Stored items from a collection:
----------------------------------------

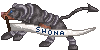 Shona Pixel Banner Commission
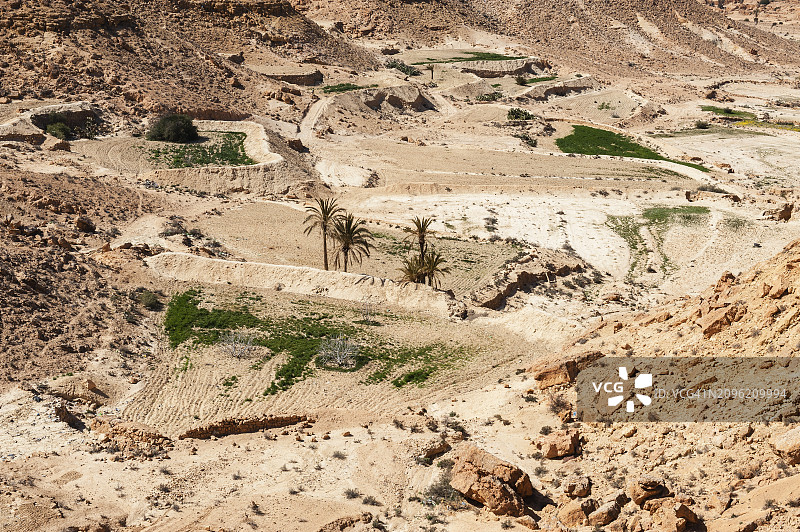 沙漠农业图片素材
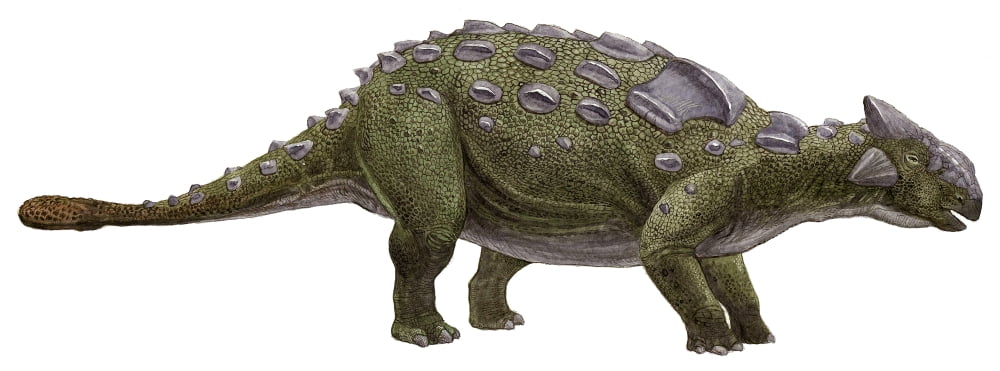 Ankylosaurus magniventris a prehistoric era dinosaur Canvas Art - Sergey KrasovskiyStocktrek Images (46 x 17)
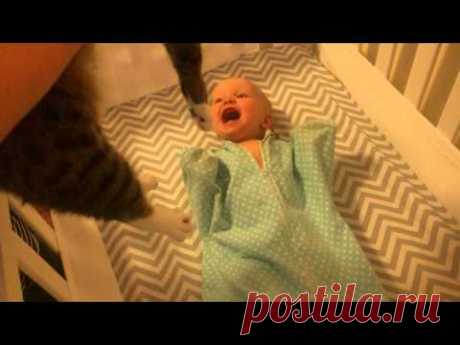 Baby Loves Cat - YouTube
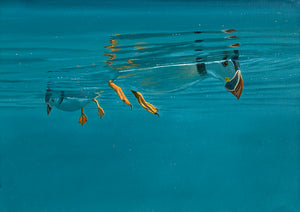 skomer puffins underwater oil painting by wildlife artist david miller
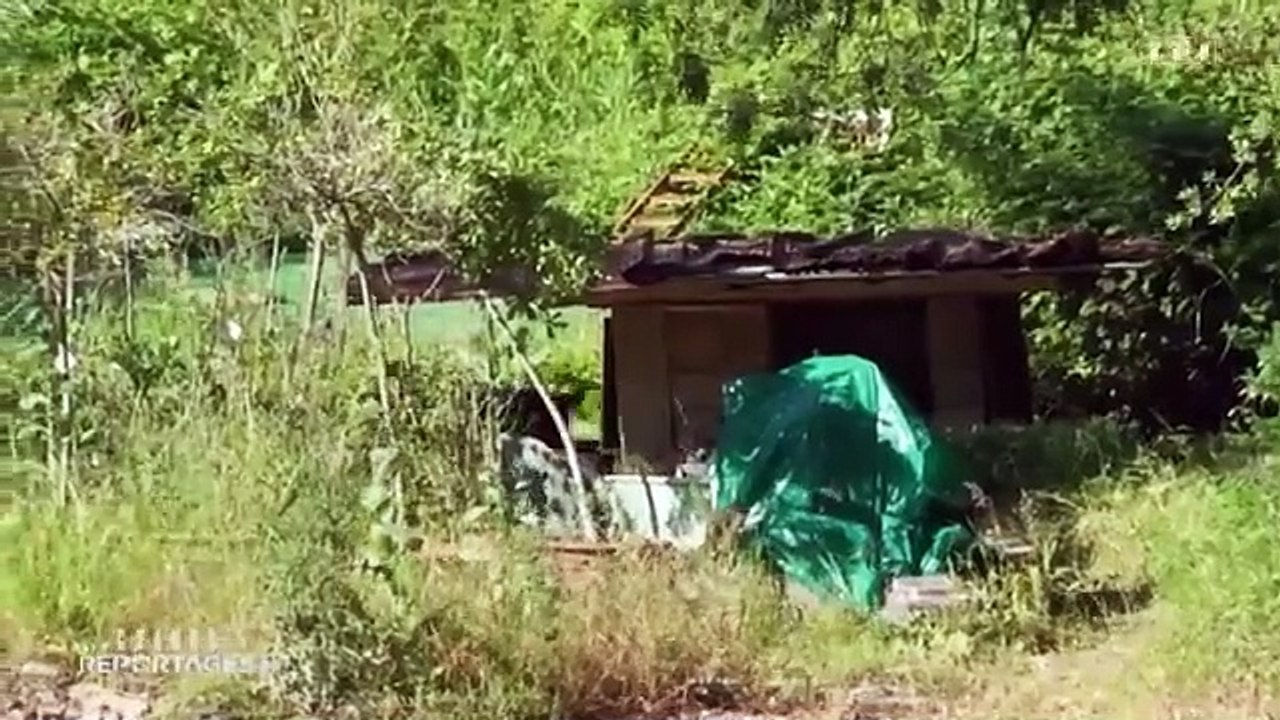 Grands Reportages - Voisins _ la guerre sans fin !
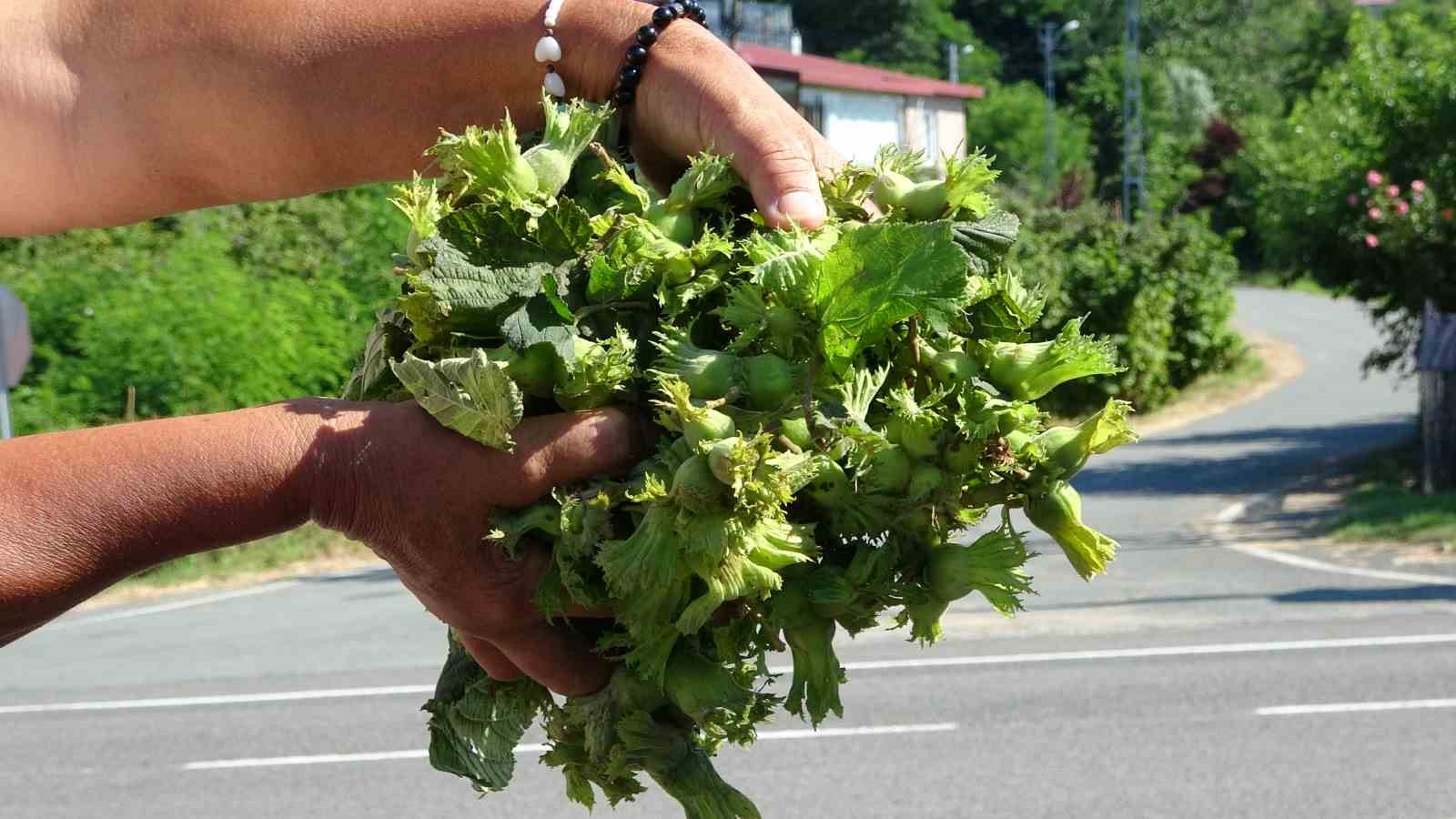 Ordu’da taze fındık tezgahlarda: Kilosu 200 lira 4 orduda taze findik tezgahlarda kilosu 200 lira 0 BspYc4Ea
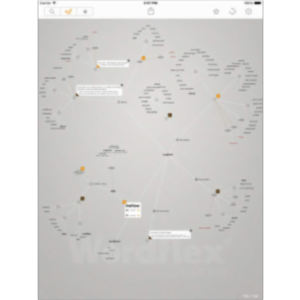 Wordflex Touch Dictionary App for iPad icon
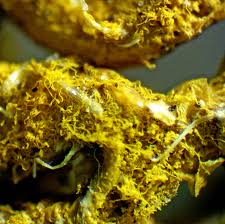 Attēlu rezultāti vaicājumam “Hemitrichia chrysospora young”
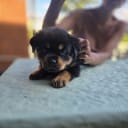 Rottweiler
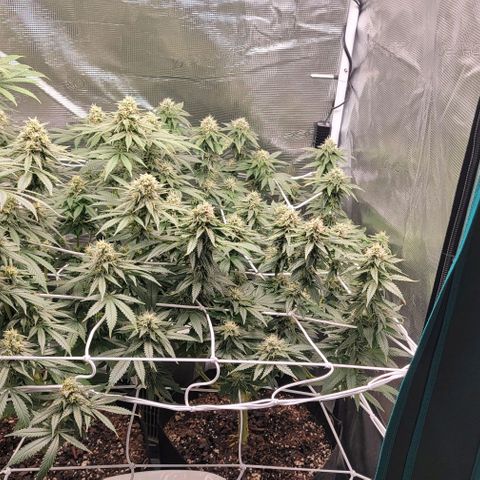 Granddaddy Purple growlog timeline photo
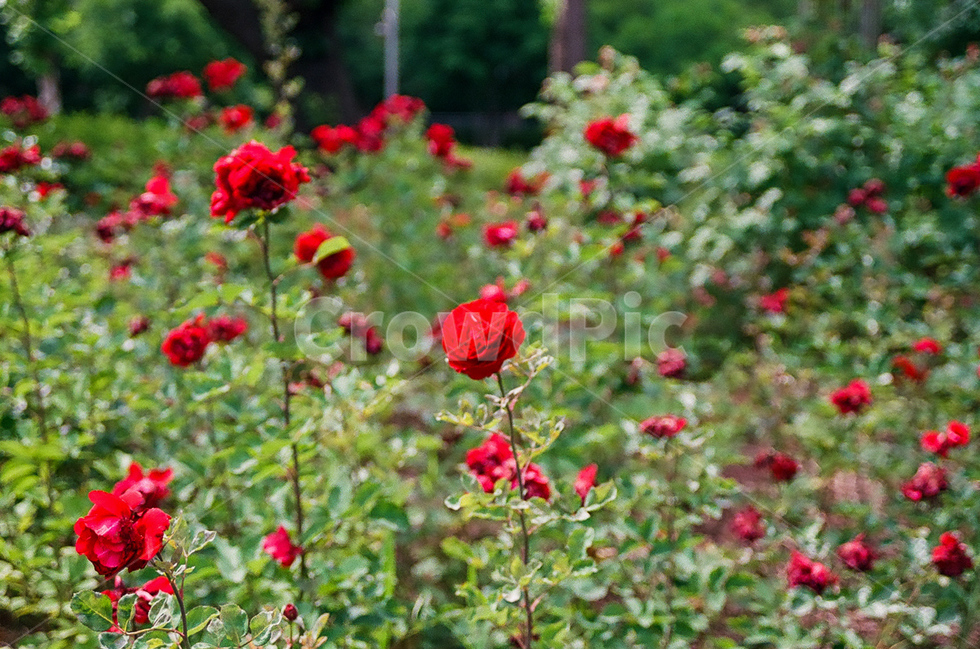 장미,장미꽃,로즈,rose,flower,plant,식물,여름,필름사진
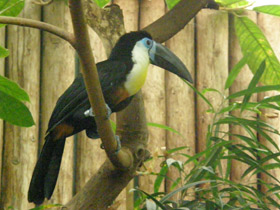 Смотреть фото Тукан токо Фото Тукан токо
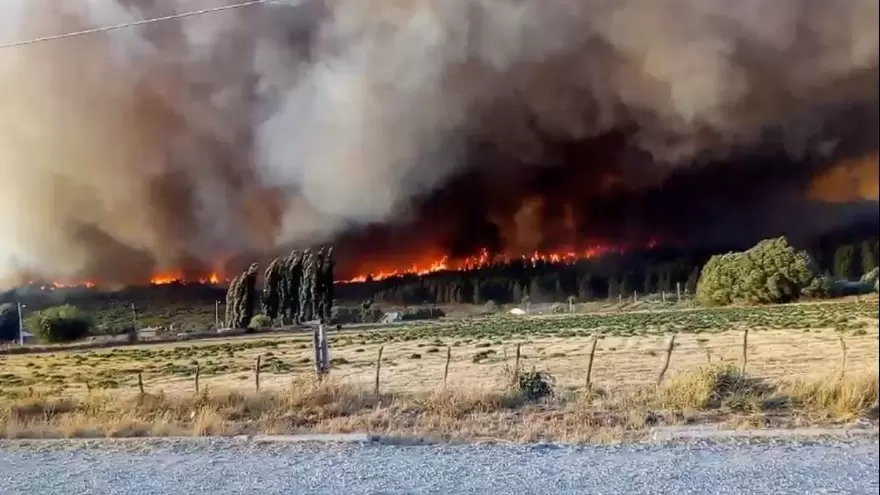 Patagonia: Desde Jóvenes por el Clima aseguran que “los incendios fueron intencionales”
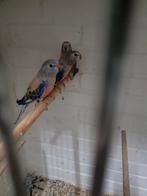 Bourke-parkiet mannen., Dieren en Toebehoren, Vogels | Parkieten en Papegaaien, Mannelijk, Parkiet, Geringd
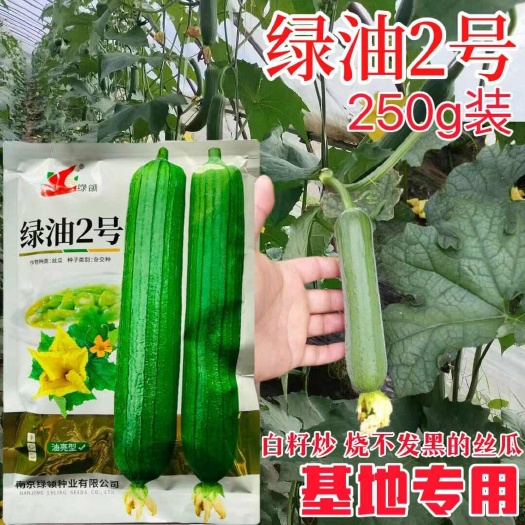 宿迁绿领绿油2号丝瓜种子 中早熟杂交丝瓜种子
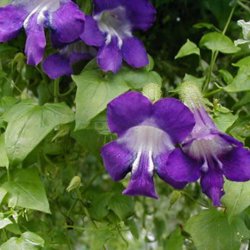 Asarina, Klatre- 'Sky Blue' <br><i>Asarina scandens/ Lophospermum s./Maurandya s.</i>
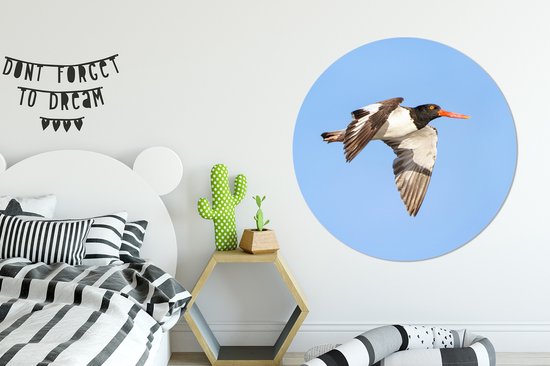 Un huîtrier volant et coloré en vol Cercle mural aluminium ⌀ 140 cm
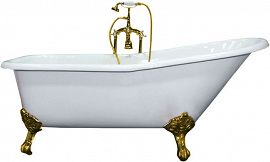 Чугунная ванна Elegansa Schale Gold 170x75
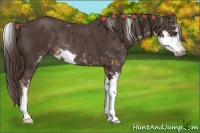 Horse Color:Liver Chestnut Sabino Rabicano 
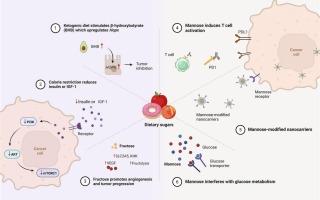 Dietary sugar intervention: A promising approach for cancer therapy
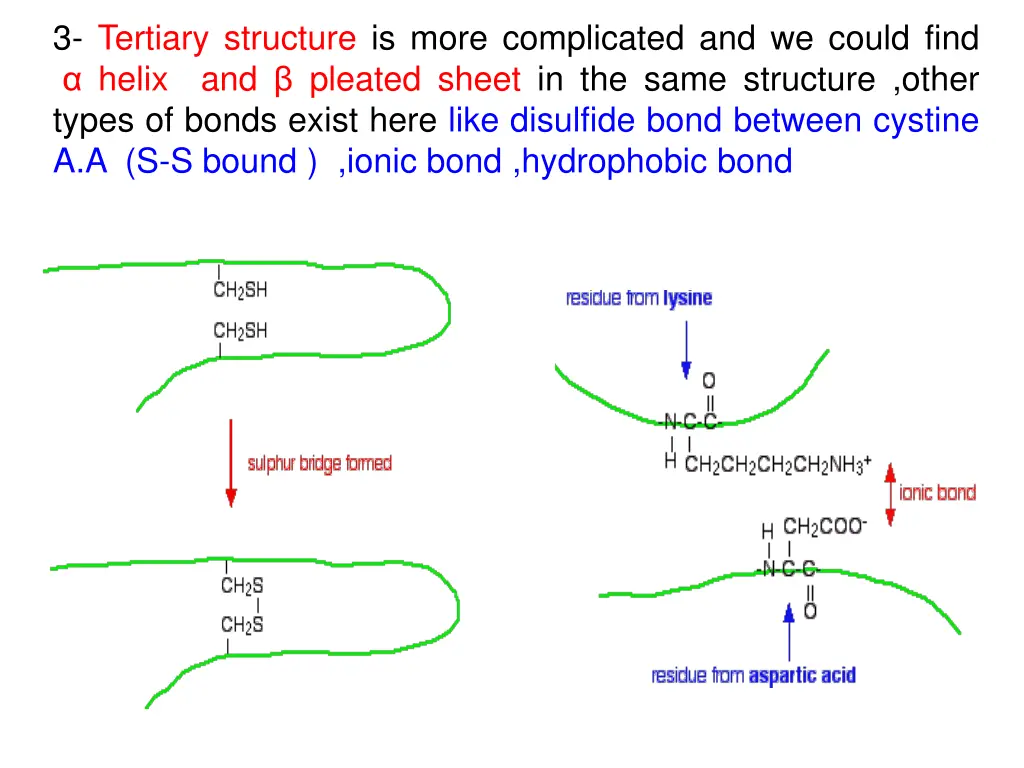 3 tertiary structure is more complicated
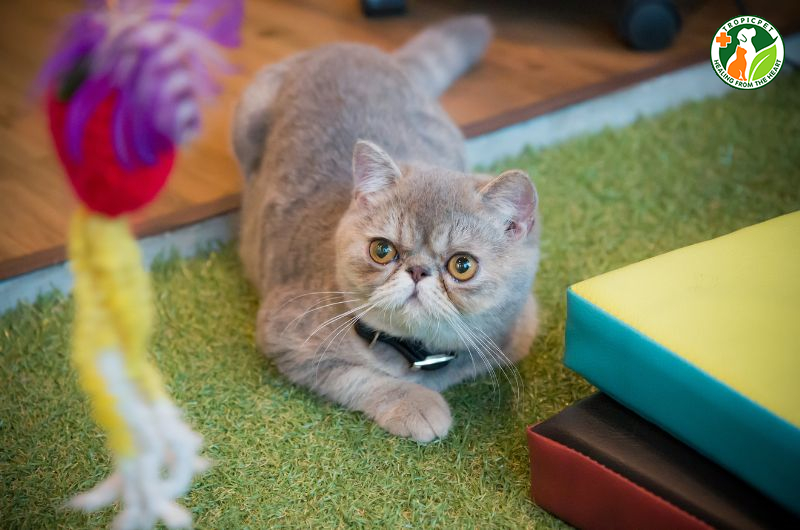 Mèo ba tư lông ngắn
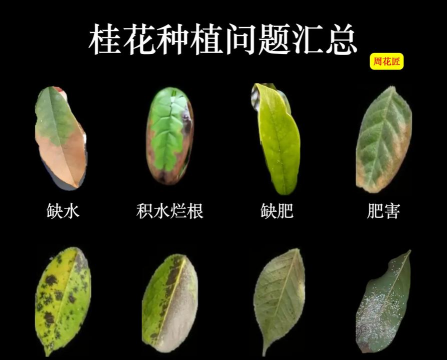 桂花树病害防治,识别常见问题,掌握有效方法 桂花树病害防治,识别常见问题,掌握有效方法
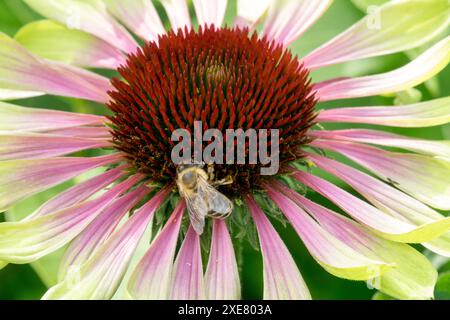 APIs mellifera Europäischer Honigbienen-Insekten-Honigbiene auf Blume Lila Koneflower Echinacea purpurea 'Green Twister' blüht Stockfoto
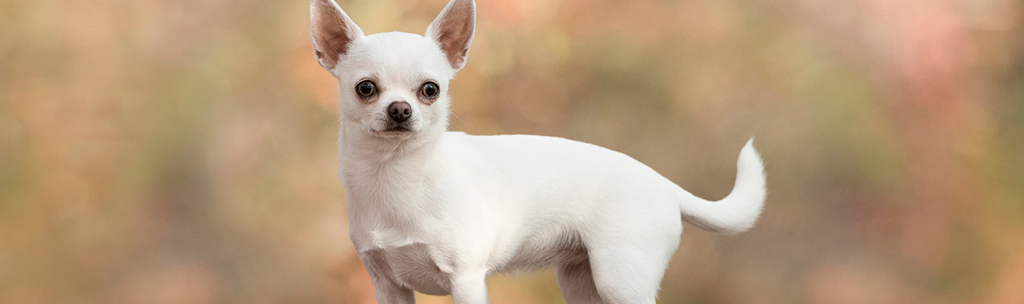 Cachorros pequenos para apartamento: Chihuahua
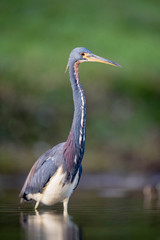 A Tricolored Heron wades in the shallow water in soft overcast light with a smooth green background.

----------------------------------------

▸ **EXERCISE**:
Leaving the images out, return every record exactly.

▸ **WRITTEN SOLUTION**:
 Shona Pixel Banner Commission
 沙漠农业图片素材
 Ankylosaurus magniventris a prehistoric era dinosaur Canvas Art - Sergey KrasovskiyStocktrek Images (46 x 17)
 Baby Loves Cat - YouTube
 skomer puffins underwater oil painting by wildlife artist david miller
 Grands Reportages - Voisins _ la guerre sans fin !
 Ordu’da taze fındık tezgahlarda: Kilosu 200 lira 4 orduda taze findik tezgahlarda kilosu 200 lira 0 BspYc4Ea
 Wordflex Touch Dictionary App for iPad icon
 Attēlu rezultāti vaicājumam “Hemitrichia chrysospora young”
 Rottweiler
 Granddaddy Purple growlog timeline photo
 장미,장미꽃,로즈,rose,flower,plant,식물,여름,필름사진
 Смотреть фото Тукан токо Фото Тукан токо
 Patagonia: Desde Jóvenes por el Clima aseguran que “los incendios fueron intencionales”
 Bourke-parkiet mannen., Dieren en Toebehoren, Vogels | Parkieten en Papegaaien, Mannelijk, Parkiet, Geringd
 宿迁绿领绿油2号丝瓜种子 中早熟杂交丝瓜种子
 Asarina, Klatre- 'Sky Blue' <br><i>Asarina scandens/ Lophospermum s./Maurandya s.</i>
 Un huîtrier volant et coloré en vol Cercle mural aluminium ⌀ 140 cm
 Чугунная ванна Elegansa Schale Gold 170x75
 Horse Color:Liver Chestnut Sabino Rabicano 
 Dietary sugar intervention: A promising approach for cancer therapy
 3 tertiary structure is more complicated
 Mèo ba tư lông ngắn
 桂花树病害防治,识别常见问题,掌握有效方法 桂花树病害防治,识别常见问题,掌握有效方法
 APIs mellifera Europäischer Honigbienen-Insekten-Honigbiene auf Blume Lila Koneflower Echinacea purpurea 'Green Twister' blüht Stockfoto
 Cachorros pequenos para apartamento: Chihuahua
 A Tricolored Heron wades in the shallow water in soft overcast light with a smooth green background.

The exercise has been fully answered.